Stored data

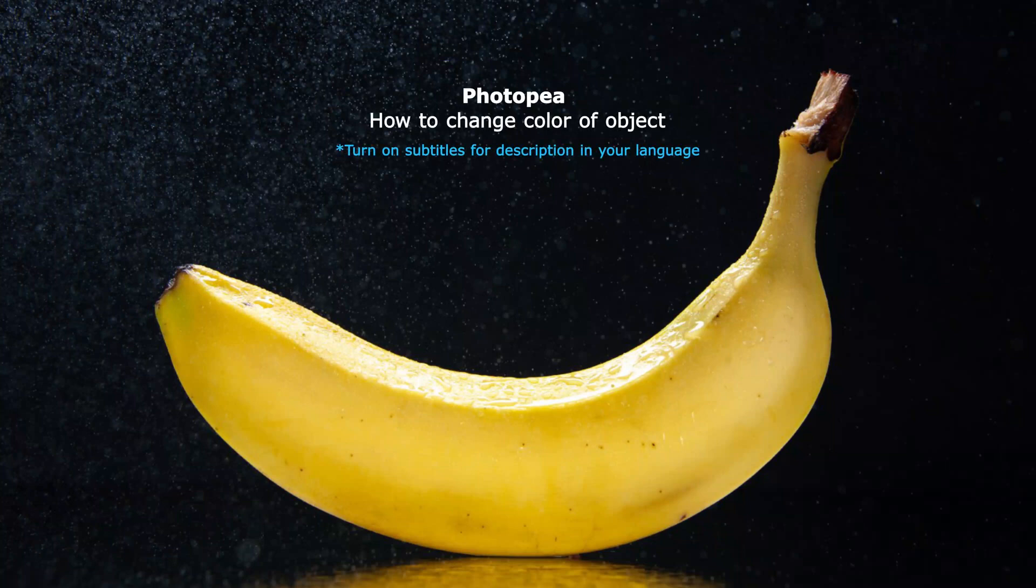Hello, I'm CJ Yuen. This is a quick video to show how to change color of objects in Photopea.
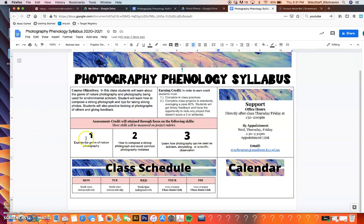In terms of the skills, it is very much what the course objective says. We're going to explore nature photography, explore how to take strong photos and avoid common mistakes, and we're going to learn how photography can be used for storytelling, activism, and scientific observation. Those are the three key things we're looking at.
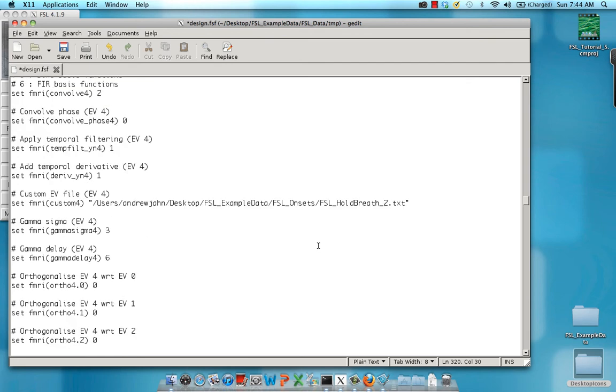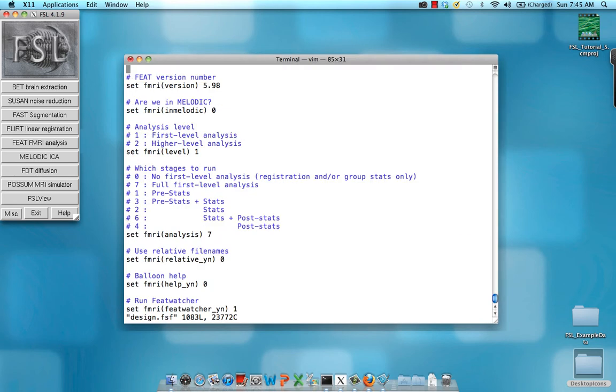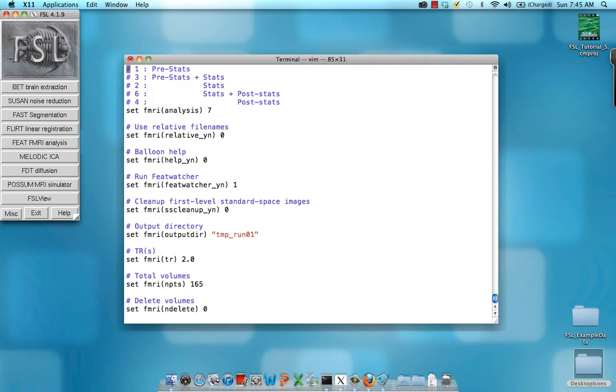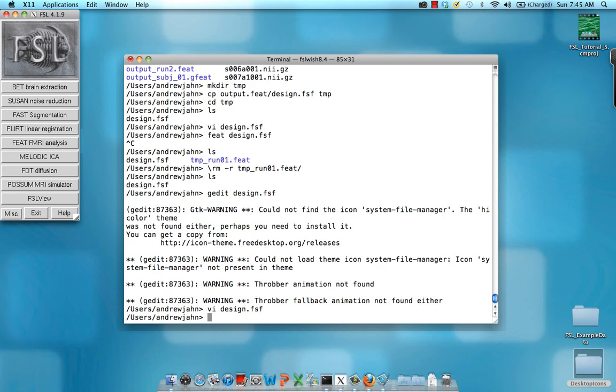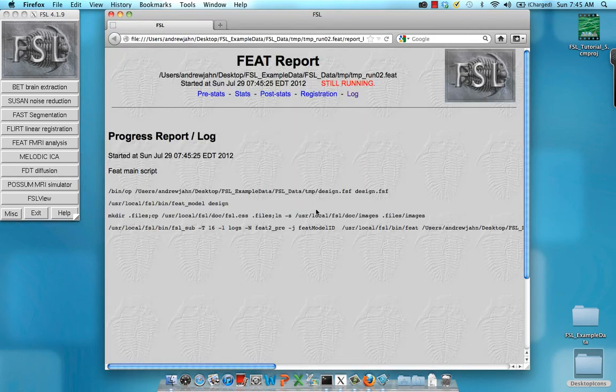Breathe this, run two. Hold breath, run two. That all looks great. So I'm going to save that and exit out of that. And one more thing I'm going to change is the output directory. So instead of temp run zero one, it's going to be temp run zero two. And that's it. Now what I have to do is type in feat design dot fsf and away you go.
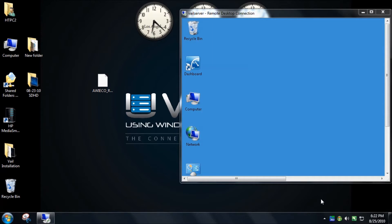This is Tim DeLay with usingwindowshomeserver.com and the BYOB podcast. In this video, I'm going to show you how to install the Oweco Remote Launcher add-in to Vail Refresh.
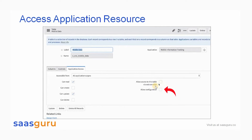Another attribute on this form is Allow Configuration. This option allows out-of-the-box applications to create business rules, client scripts, and UI actions. And the user performing the query must have the required permission to access the table.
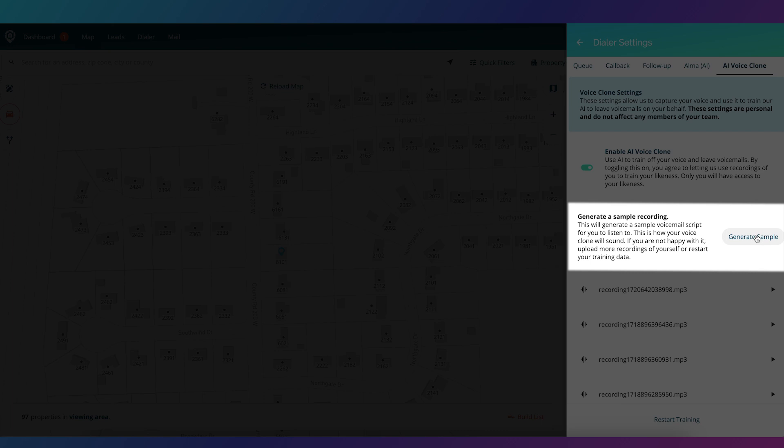Then you can go ahead and generate a sample to see if it's starting to sound more and more like you. The more that you give to it, the more it's going to sound like you.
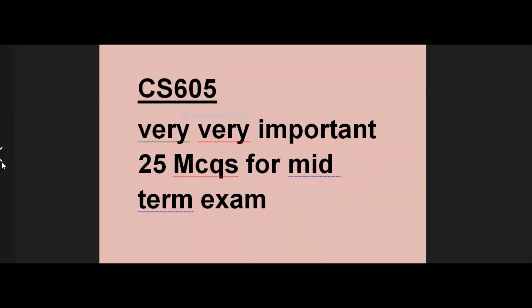In this video, I will tell you about CS605's very important 25 SMCQs which are the most important. If we cover these 25 SMCQs, then you will cover the paper 90 to 95 percent. Even if students don't have handouts or lectures, these 25 SMCQs will be very helpful.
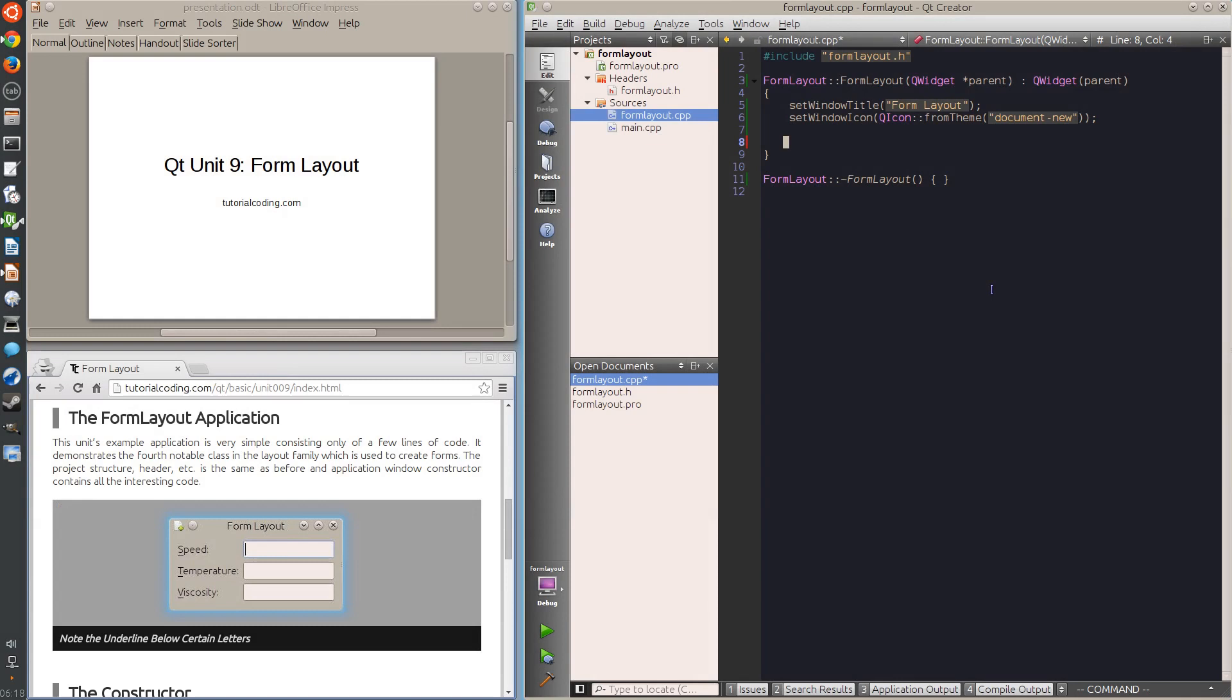Hello and welcome to unit 9 of the Qt tutorial from tutorialcoding.com. In this unit I briefly show another layout type, the form layout.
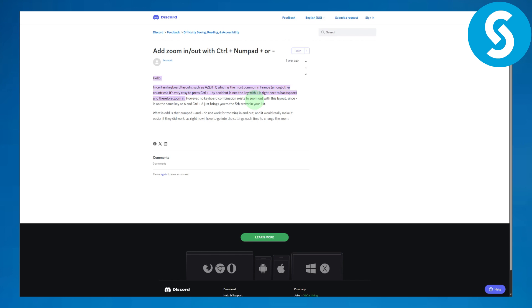Basically it is set by default to zoom in. And now similarly, if you want to zoom out, it will be using Ctrl plus the minus key on your keyboard. So that is it for this video.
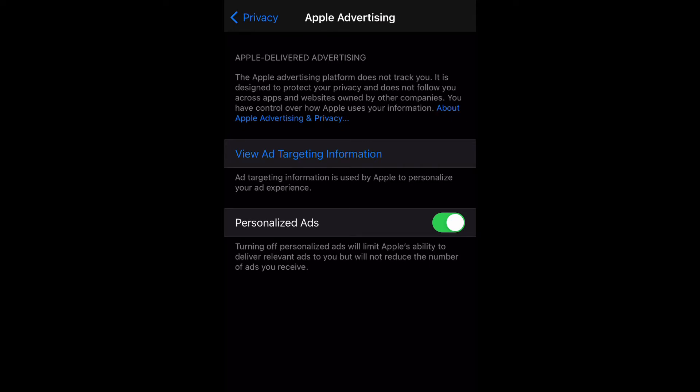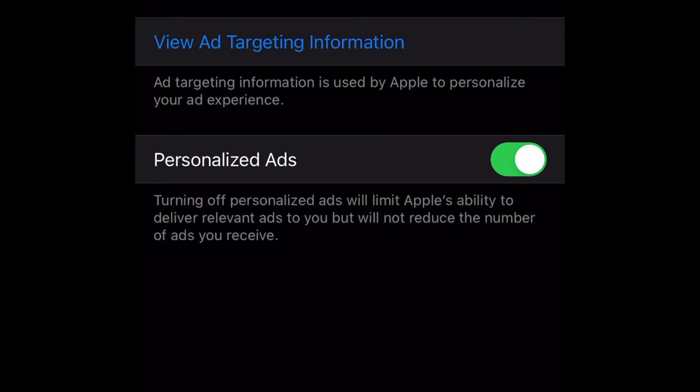To enable it you just tap it, and tap it again to disable it. Make sure it's grayed out when disabled. I want mine enabled, so I'm going to tap it back on.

→ **WHAT THIS TASK INVOLVES**:
Without copying the pictures, transcribe the entries exactly.

→ **RESULT OF THE TASK**:
Hello, I'm CJ Yuen. This is a quick video to show how to change color of objects in Photopea.
In terms of the skills, it is very much what the course objective says. We're going to explore nature photography, explore how to take strong photos and avoid common mistakes, and we're going to learn how photography can be used for storytelling, activism, and scientific observation. Those are the three key things we're looking at.
Breathe this, run two. Hold breath, run two. That all looks great. So I'm going to save that and exit out of that. And one more thing I'm going to change is the output directory. So instead of temp run zero one, it's going to be temp run zero two. And that's it. Now what I have to do is type in feat design dot fsf and away you go.
This is Tim DeLay with usingwindowshomeserver.com and the BYOB podcast. In this video, I'm going to show you how to install the Oweco Remote Launcher add-in to Vail Refresh.
Another attribute on this form is Allow Configuration. This option allows out-of-the-box applications to create business rules, client scripts, and UI actions. And the user performing the query must have the required permission to access the table.
Then you can go ahead and generate a sample to see if it's starting to sound more and more like you. The more that you give to it, the more it's going to sound like you.
In this video, I will tell you about CS605's very important 25 SMCQs which are the most important. If we cover these 25 SMCQs, then you will cover the paper 90 to 95 percent. Even if students don't have handouts or lectures, these 25 SMCQs will be very helpful.
Hello and welcome to unit 9 of the Qt tutorial from tutorialcoding.com. In this unit I briefly show another layout type, the form layout.
Basically it is set by default to zoom in. And now similarly, if you want to zoom out, it will be using Ctrl plus the minus key on your keyboard. So that is it for this video.
To enable it you just tap it, and tap it again to disable it. Make sure it's grayed out when disabled. I want mine enabled, so I'm going to tap it back on.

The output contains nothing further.